**WHAT THE TASK ASKS**. Within the listing below, give again exactly the lines between the one containing "a view of a golf course with a lake" and the one containing "Assorted blister packs", inclusive, pictures left aside.

**ENTRIES SHOWN**.
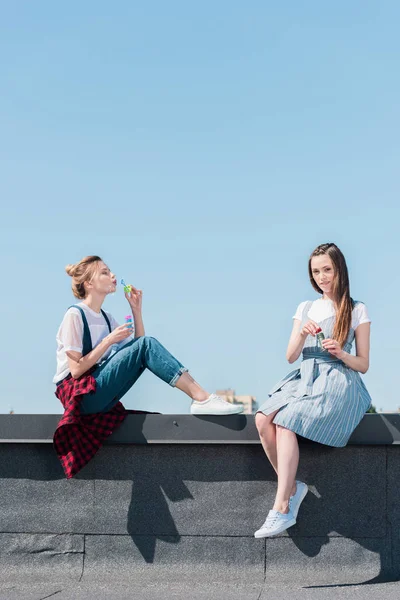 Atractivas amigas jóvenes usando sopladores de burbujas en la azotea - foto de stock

--

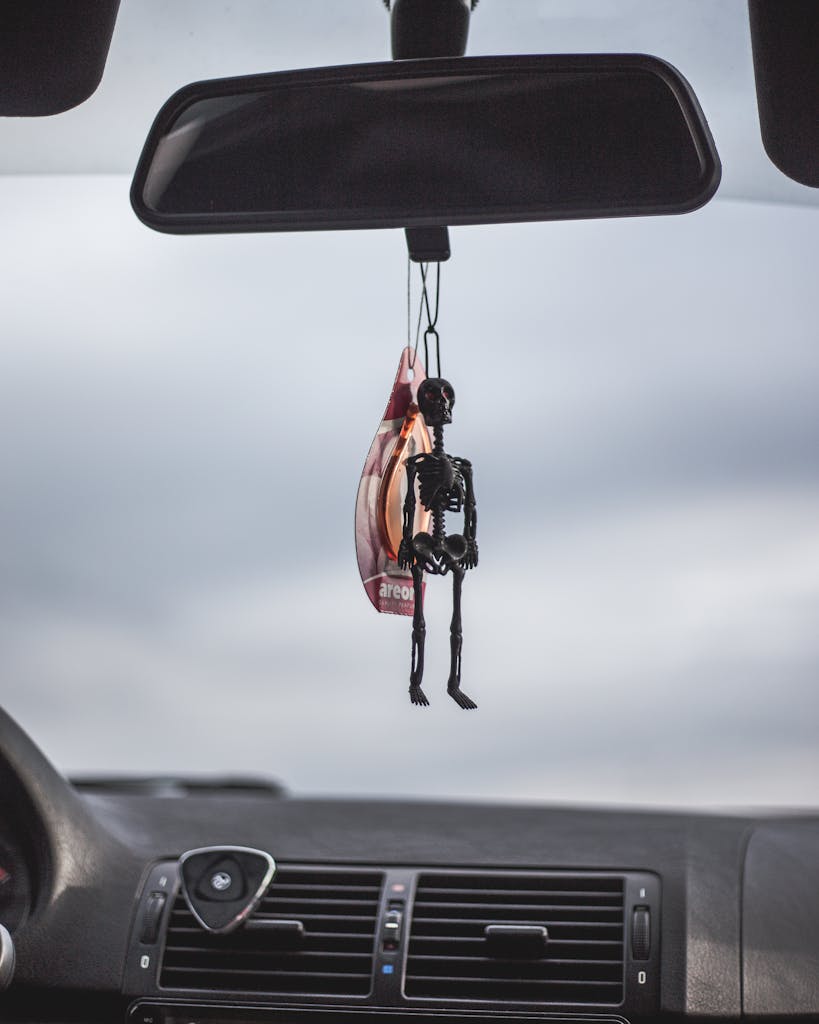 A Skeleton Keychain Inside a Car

--

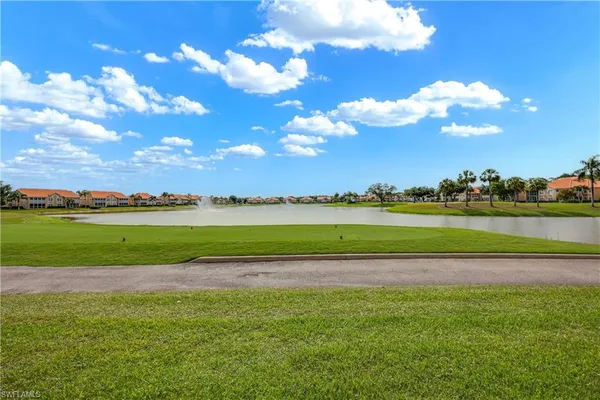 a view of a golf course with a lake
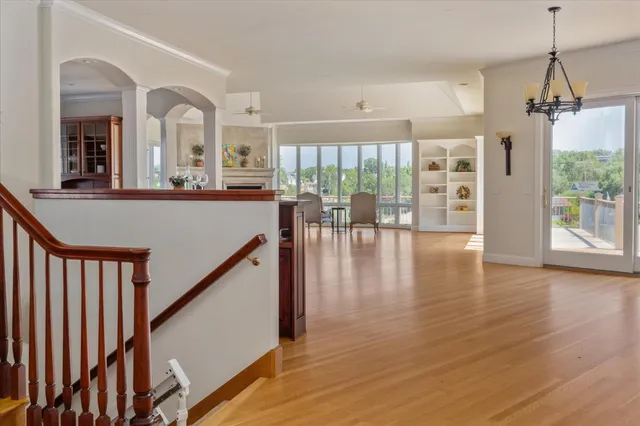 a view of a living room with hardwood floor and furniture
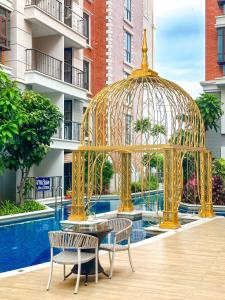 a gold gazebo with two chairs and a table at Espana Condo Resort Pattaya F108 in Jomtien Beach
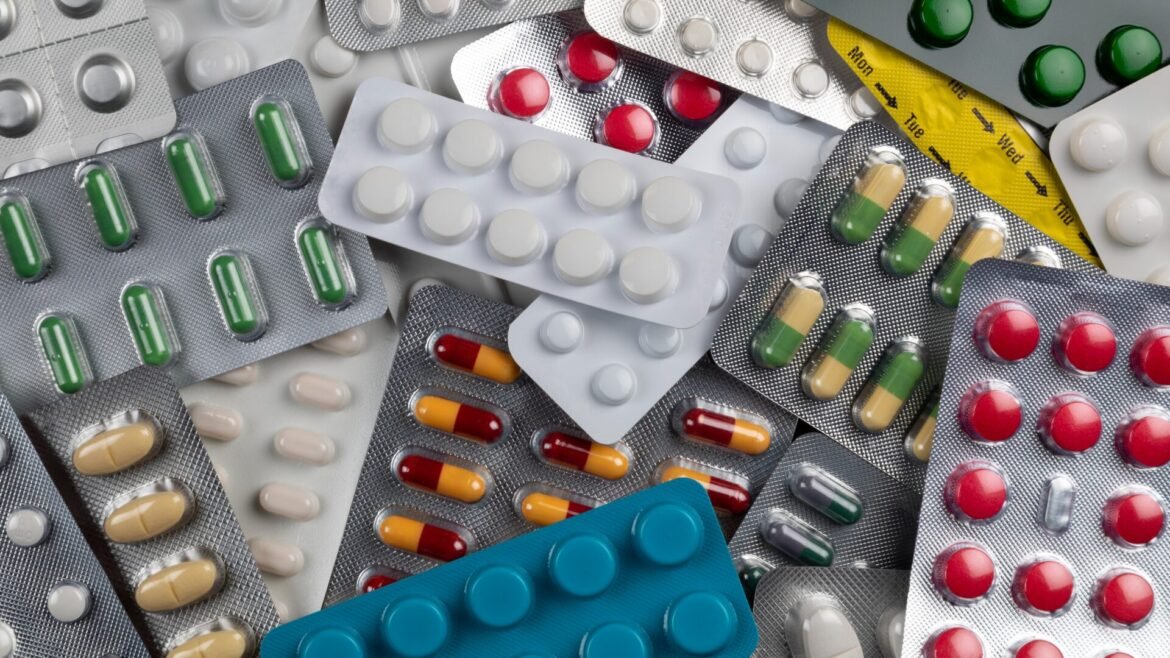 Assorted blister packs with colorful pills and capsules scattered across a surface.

**RESULT OF THIS TASK**.
 a view of a golf course with a lake
 a view of a living room with hardwood floor and furniture
 a gold gazebo with two chairs and a table at Espana Condo Resort Pattaya F108 in Jomtien Beach
 Assorted blister packs with colorful pills and capsules scattered across a surface.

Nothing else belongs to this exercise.